### Data for this exercise ###

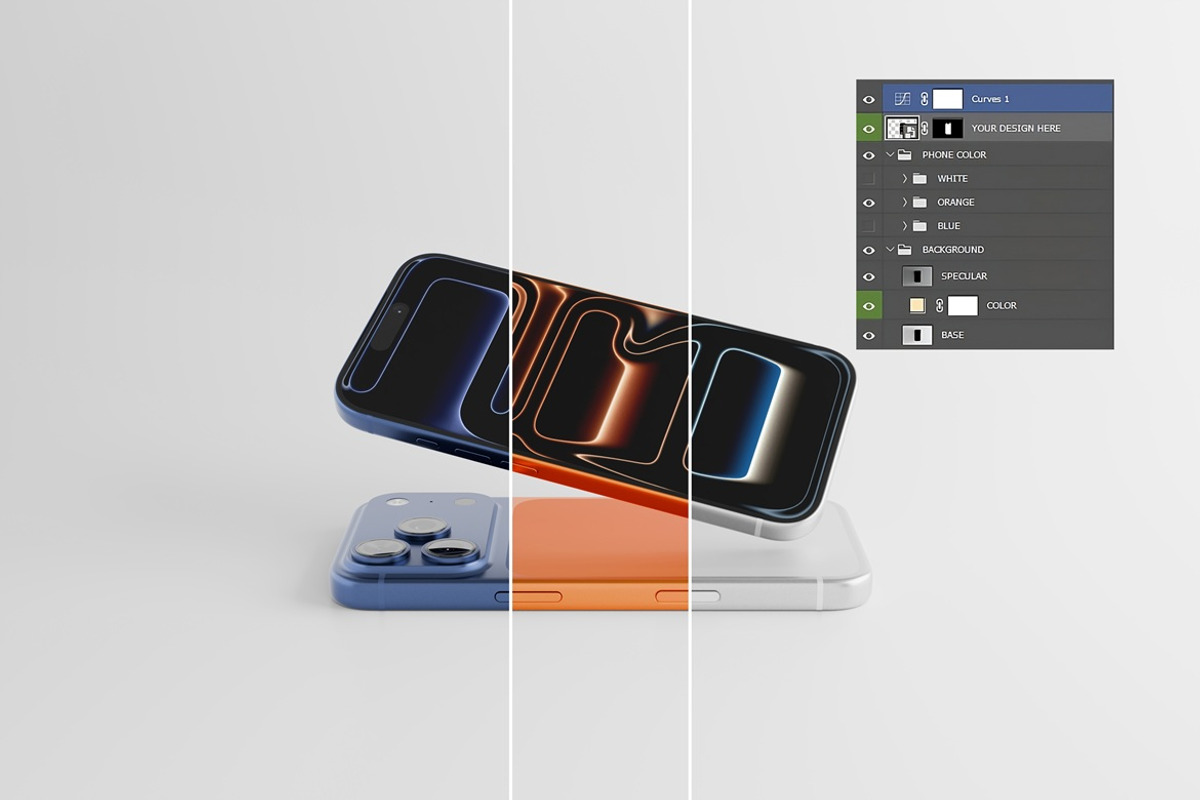 iPhone 17 Pro Mockup, an iPhone Mockup by Momogi (Photo 4 of 8)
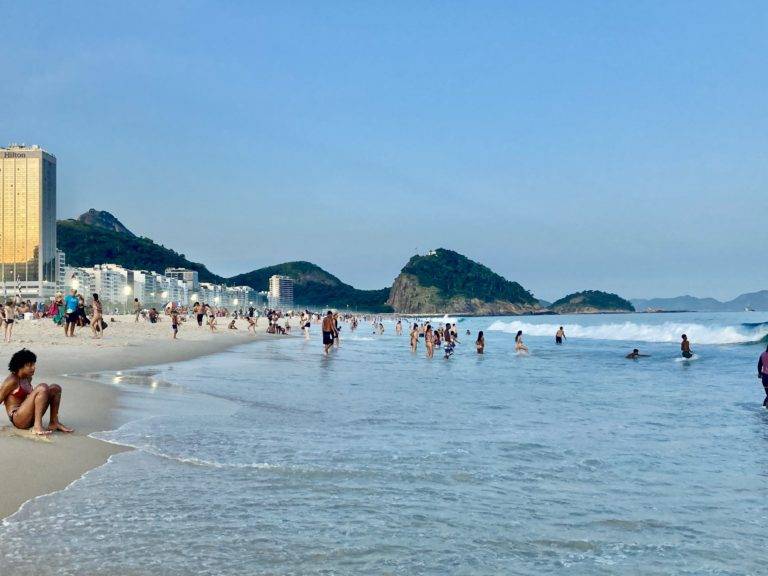Photo of Copacabana Beach in Rio de Janeiro.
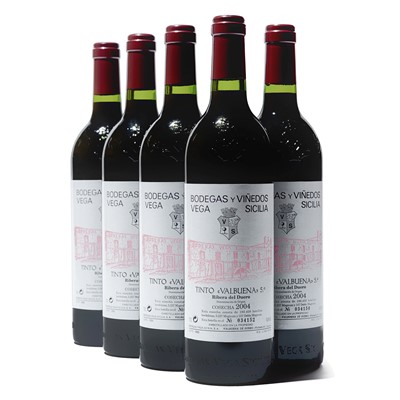 Lot 181 - 5 bottles 2004 Vega Sicilia Valbuena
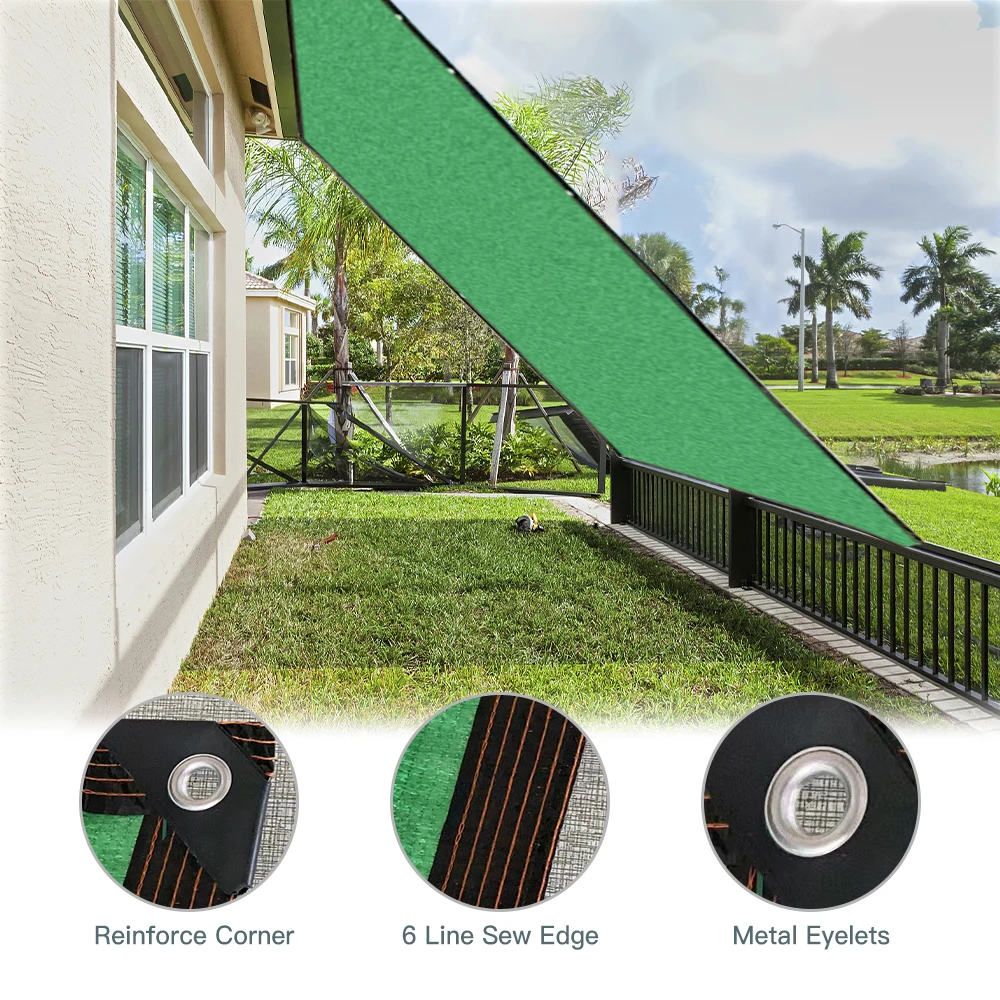 Sunblock Shade Cloth Mesh Sun Shade Tarp Plants Greenhouse Cover Fabric for Outdoor Garden Lawn Plants from Direct Sunlight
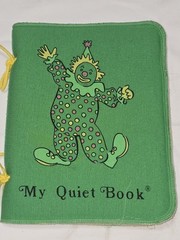 Vintage 1977 Child Educational Products My Quiet Book Quiet Book Clown Age 3+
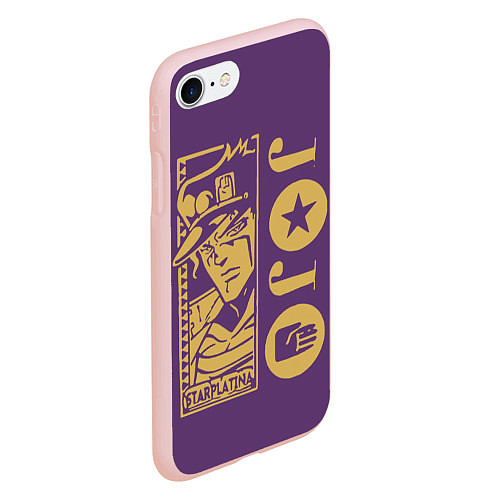 Чехол iPhone 7/8 матовый JoJo Bizarre Adventure / 3D-Светло-розовый – фото 2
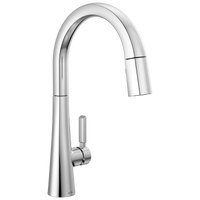 Delta - Single Handle Pull-Down Kitchen Faucet - Lumicoat® Chrome - 9191-PR-DST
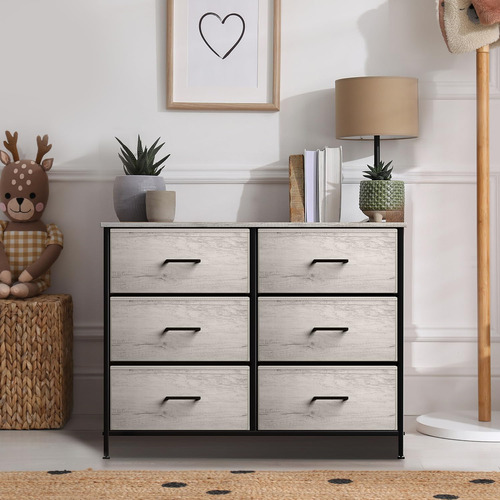 Sorbus Cómoda Con 6 Cajones De Madera Sintética Organizador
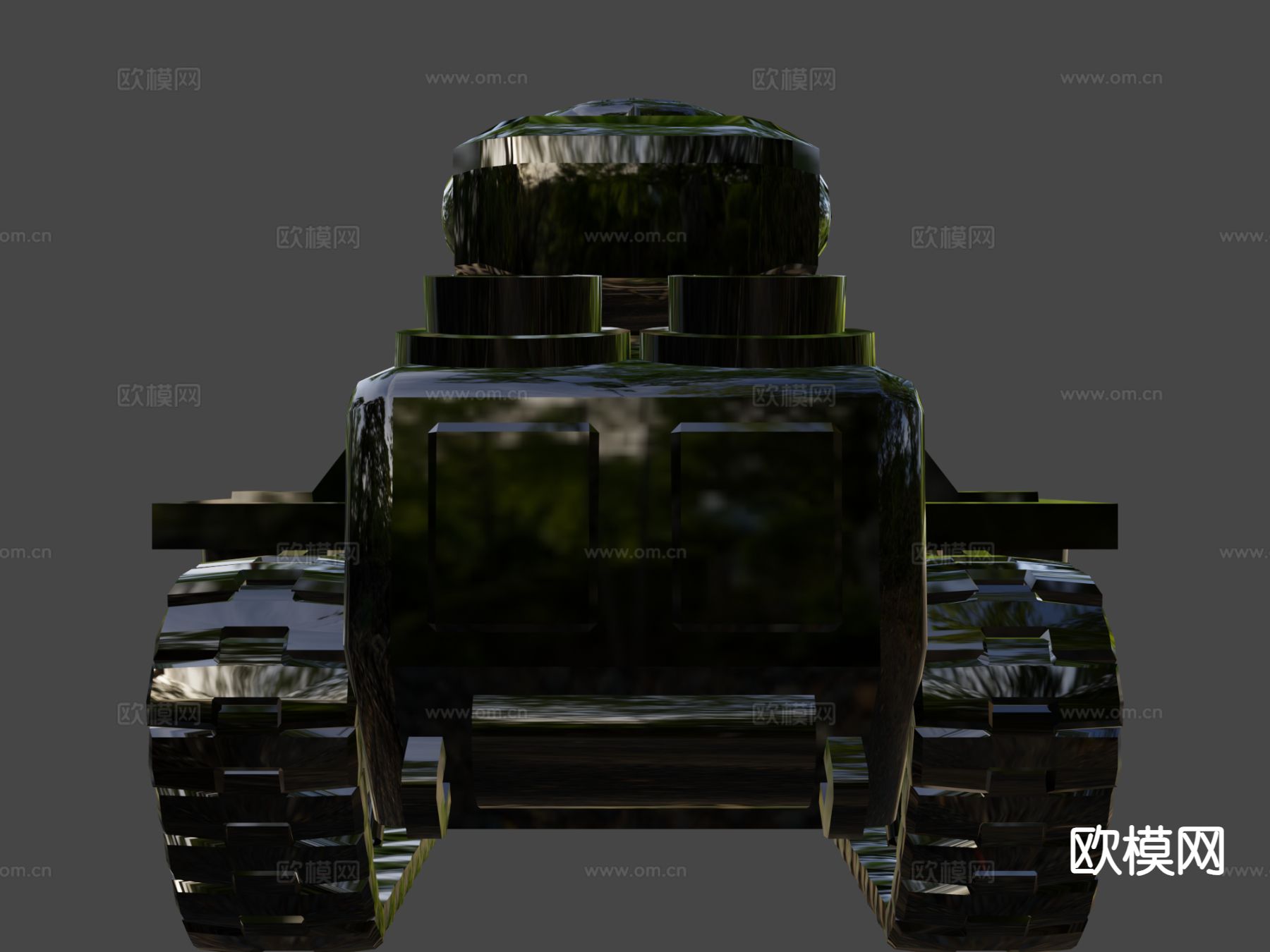 坦克-漫画风格su模型下载（渲染图5）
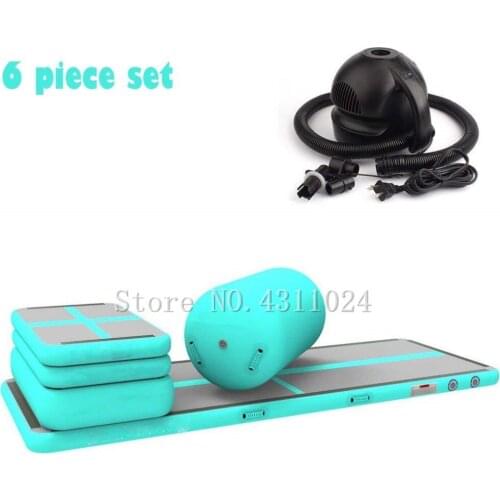 Free Shipping Door To Door Inflatable Air Track a set Air Tumbling Mat of home edition with One pump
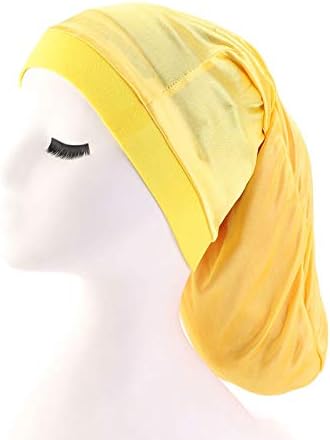 Unisex Spandex Braids & Dreadlocks Cap 3 Packed,Jumbo Satin Night Sleep Bonnet Hair Covers for Men Women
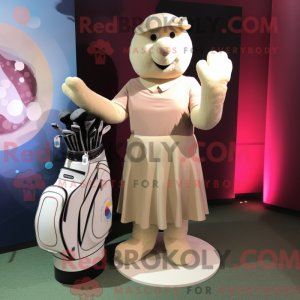 Beige Golf Bag...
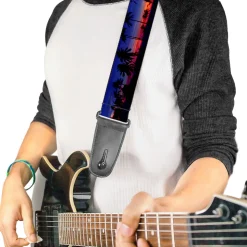 Guitar Strap - California Sunset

###

**Work required**
The answer must be an exact transcription of the lines from the one containing "坦克-漫画风格su模型下载（渲染图5）" through the last line of the records above, both included, with no pictures.

**Result**
 坦克-漫画风格su模型下载（渲染图5）
 Free Shipping Door To Door Inflatable Air Track a set Air Tumbling Mat of home edition with One pump
 Unisex Spandex Braids & Dreadlocks Cap 3 Packed,Jumbo Satin Night Sleep Bonnet Hair Covers for Men Women
 Beige Golf Bag...
 Guitar Strap - California Sunset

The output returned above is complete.